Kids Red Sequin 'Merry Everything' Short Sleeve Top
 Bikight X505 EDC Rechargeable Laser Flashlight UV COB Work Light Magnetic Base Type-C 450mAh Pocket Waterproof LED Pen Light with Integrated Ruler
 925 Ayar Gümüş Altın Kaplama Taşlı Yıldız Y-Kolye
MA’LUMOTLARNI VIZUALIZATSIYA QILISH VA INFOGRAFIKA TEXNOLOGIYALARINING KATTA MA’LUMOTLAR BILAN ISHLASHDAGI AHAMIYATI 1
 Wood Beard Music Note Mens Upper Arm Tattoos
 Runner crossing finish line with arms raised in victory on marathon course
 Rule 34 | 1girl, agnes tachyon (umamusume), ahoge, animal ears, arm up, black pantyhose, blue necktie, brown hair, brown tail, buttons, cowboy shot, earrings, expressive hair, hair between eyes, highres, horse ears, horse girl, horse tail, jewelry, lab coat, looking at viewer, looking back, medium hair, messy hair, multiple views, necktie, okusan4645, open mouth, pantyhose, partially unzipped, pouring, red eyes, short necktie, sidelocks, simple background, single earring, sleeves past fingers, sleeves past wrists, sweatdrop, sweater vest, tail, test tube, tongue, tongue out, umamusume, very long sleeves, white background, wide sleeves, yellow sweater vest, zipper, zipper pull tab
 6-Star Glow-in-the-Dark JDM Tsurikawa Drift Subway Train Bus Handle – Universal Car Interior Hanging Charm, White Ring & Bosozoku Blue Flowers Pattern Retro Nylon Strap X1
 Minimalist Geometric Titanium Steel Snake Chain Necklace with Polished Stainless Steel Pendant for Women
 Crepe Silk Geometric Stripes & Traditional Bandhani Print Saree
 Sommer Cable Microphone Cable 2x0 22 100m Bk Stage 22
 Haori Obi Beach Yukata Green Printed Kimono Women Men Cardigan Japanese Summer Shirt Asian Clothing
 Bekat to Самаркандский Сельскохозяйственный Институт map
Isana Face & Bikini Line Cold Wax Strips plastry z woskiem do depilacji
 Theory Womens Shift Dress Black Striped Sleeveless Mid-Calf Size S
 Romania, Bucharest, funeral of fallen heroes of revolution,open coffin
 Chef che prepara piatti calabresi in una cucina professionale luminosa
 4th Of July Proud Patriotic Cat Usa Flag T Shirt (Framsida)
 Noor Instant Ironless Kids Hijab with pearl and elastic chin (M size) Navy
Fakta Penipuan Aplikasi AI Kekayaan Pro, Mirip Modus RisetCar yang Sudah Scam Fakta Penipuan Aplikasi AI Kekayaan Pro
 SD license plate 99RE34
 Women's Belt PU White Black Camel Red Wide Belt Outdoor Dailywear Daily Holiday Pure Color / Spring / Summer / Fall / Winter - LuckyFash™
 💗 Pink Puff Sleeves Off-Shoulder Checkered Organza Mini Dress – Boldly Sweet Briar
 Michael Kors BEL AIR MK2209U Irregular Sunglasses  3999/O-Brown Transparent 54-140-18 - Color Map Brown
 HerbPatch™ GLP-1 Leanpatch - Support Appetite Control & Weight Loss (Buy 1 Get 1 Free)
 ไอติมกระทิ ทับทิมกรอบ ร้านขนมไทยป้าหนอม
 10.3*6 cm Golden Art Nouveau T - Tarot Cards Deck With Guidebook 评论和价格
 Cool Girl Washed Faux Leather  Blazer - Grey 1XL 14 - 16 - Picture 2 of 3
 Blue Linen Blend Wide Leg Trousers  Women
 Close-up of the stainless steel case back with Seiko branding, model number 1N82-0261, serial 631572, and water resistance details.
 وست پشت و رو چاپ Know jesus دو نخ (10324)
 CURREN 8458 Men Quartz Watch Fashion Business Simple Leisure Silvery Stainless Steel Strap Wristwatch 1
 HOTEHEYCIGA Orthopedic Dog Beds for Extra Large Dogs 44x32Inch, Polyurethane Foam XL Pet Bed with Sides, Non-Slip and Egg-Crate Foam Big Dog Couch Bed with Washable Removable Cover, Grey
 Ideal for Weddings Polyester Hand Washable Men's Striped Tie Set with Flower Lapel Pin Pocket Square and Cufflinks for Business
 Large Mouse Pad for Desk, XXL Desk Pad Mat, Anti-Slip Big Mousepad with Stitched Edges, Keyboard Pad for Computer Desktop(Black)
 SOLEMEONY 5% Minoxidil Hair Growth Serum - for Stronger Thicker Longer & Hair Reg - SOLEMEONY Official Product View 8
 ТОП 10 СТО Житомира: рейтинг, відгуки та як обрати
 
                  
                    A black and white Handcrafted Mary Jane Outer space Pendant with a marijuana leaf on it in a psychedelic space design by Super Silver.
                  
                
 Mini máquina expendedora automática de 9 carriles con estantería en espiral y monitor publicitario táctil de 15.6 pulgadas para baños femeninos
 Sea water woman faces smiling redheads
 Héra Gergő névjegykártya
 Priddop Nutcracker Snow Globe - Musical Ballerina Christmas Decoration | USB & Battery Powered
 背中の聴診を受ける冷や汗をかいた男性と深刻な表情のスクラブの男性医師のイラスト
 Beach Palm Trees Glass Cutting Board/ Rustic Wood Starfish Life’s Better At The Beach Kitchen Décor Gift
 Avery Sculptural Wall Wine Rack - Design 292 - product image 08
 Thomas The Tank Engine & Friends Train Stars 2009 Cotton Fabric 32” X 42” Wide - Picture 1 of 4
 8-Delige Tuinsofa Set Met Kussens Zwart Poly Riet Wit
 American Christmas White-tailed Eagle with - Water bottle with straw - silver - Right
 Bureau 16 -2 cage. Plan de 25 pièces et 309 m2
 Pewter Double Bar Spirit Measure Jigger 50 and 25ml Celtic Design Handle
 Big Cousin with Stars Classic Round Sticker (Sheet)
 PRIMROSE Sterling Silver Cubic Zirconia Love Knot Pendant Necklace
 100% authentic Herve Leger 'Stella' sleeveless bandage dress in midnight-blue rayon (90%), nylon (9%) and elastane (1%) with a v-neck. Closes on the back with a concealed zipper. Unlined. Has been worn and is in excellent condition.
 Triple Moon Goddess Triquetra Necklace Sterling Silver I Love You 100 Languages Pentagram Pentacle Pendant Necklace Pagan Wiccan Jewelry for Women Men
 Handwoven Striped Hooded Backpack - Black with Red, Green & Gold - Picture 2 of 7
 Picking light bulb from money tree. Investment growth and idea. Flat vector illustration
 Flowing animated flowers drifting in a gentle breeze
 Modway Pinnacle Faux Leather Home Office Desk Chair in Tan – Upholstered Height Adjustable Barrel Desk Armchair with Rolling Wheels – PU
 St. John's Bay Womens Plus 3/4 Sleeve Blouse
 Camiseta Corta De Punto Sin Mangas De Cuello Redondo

EXERCISE:
In the records above, find the line with "Theory Womens Shift"; write out exactly that line and each one after it, stopping after the line with "4th Of July".

ANSWER SPACE:
 Theory Womens Shift Dress Black Striped Sleeveless Mid-Calf Size S
 Romania, Bucharest, funeral of fallen heroes of revolution,open coffin
 Chef che prepara piatti calabresi in una cucina professionale luminosa
 4th Of July Proud Patriotic Cat Usa Flag T Shirt (Framsida)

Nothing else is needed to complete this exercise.